Task instructions:
Beginning at the line that contains "Диск заднего тормоза" and finishing at the line that contains "Simple moderne si", output the data below exactly. Include both end lines and no pictures.

Dataset content:

◆ ◆ ◆

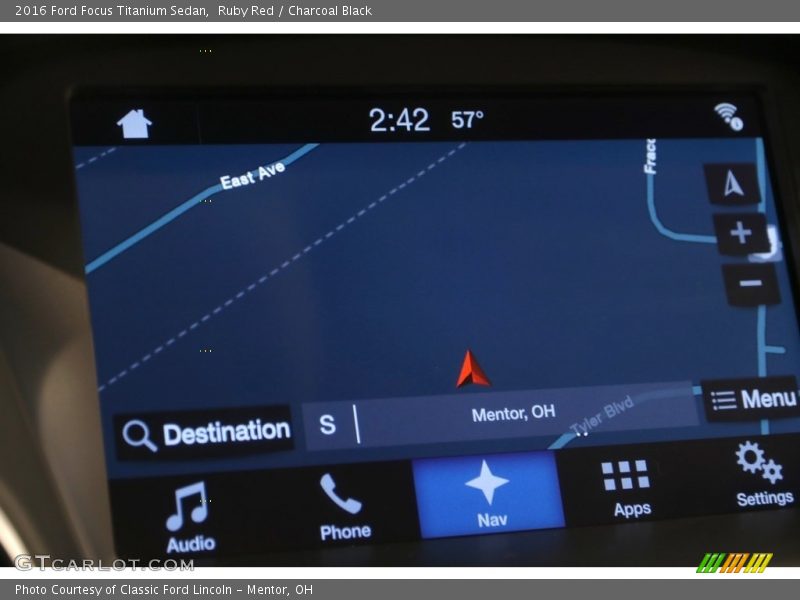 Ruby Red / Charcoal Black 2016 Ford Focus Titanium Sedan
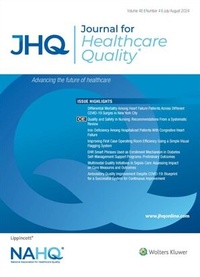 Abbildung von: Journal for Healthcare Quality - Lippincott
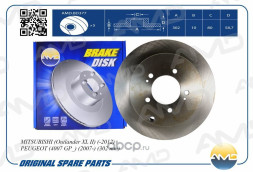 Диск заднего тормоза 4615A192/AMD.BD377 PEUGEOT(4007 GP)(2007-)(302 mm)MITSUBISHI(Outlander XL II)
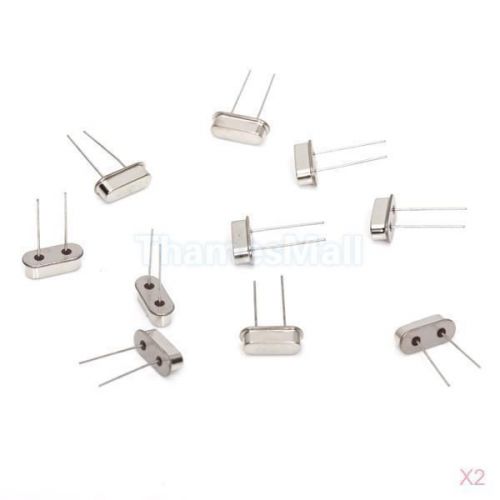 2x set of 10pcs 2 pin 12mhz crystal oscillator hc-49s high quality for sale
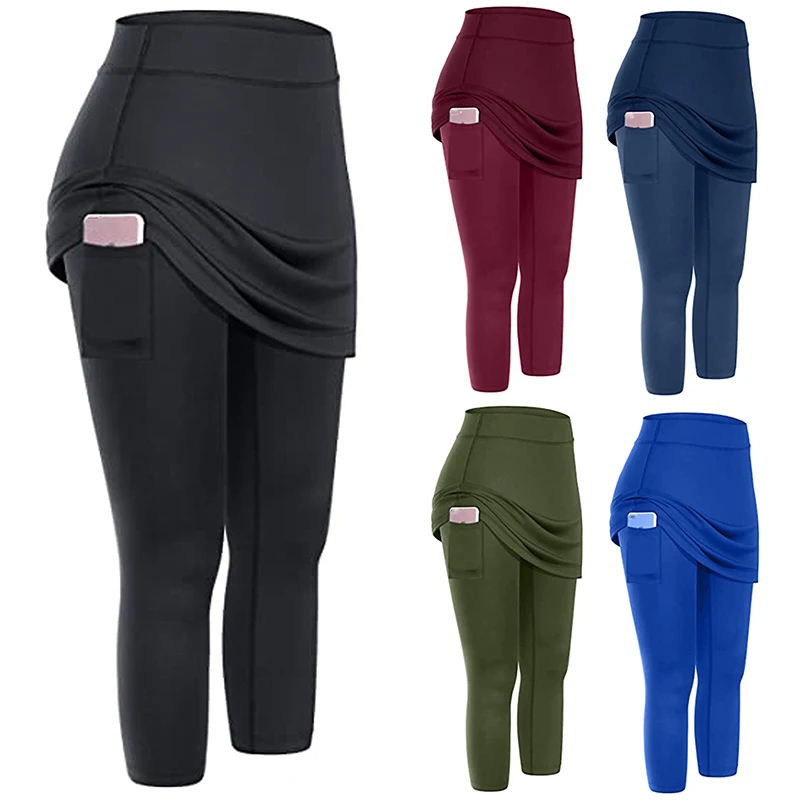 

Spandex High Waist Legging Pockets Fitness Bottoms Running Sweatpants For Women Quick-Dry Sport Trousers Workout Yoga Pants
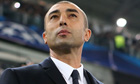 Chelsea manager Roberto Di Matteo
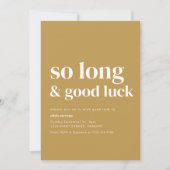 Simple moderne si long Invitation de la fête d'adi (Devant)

◆ ◆ ◆

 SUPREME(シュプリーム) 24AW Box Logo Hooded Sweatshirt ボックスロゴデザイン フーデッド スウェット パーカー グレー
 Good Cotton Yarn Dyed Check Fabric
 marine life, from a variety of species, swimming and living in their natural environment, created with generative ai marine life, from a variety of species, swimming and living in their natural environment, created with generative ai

◆ ◆ ◆

Solved exercise:
 Диск заднего тормоза 4615A192/AMD.BD377 PEUGEOT(4007 GP)(2007-)(302 mm)MITSUBISHI(Outlander XL II)
 2x set of 10pcs 2 pin 12mhz crystal oscillator hc-49s high quality for sale

Spandex High Waist Legging Pockets Fitness Bottoms Running Sweatpants For Women Quick-Dry Sport Trousers Workout Yoga Pants
 Chelsea manager Roberto Di Matteo
 Simple moderne si long Invitation de la fête d'adi (Devant)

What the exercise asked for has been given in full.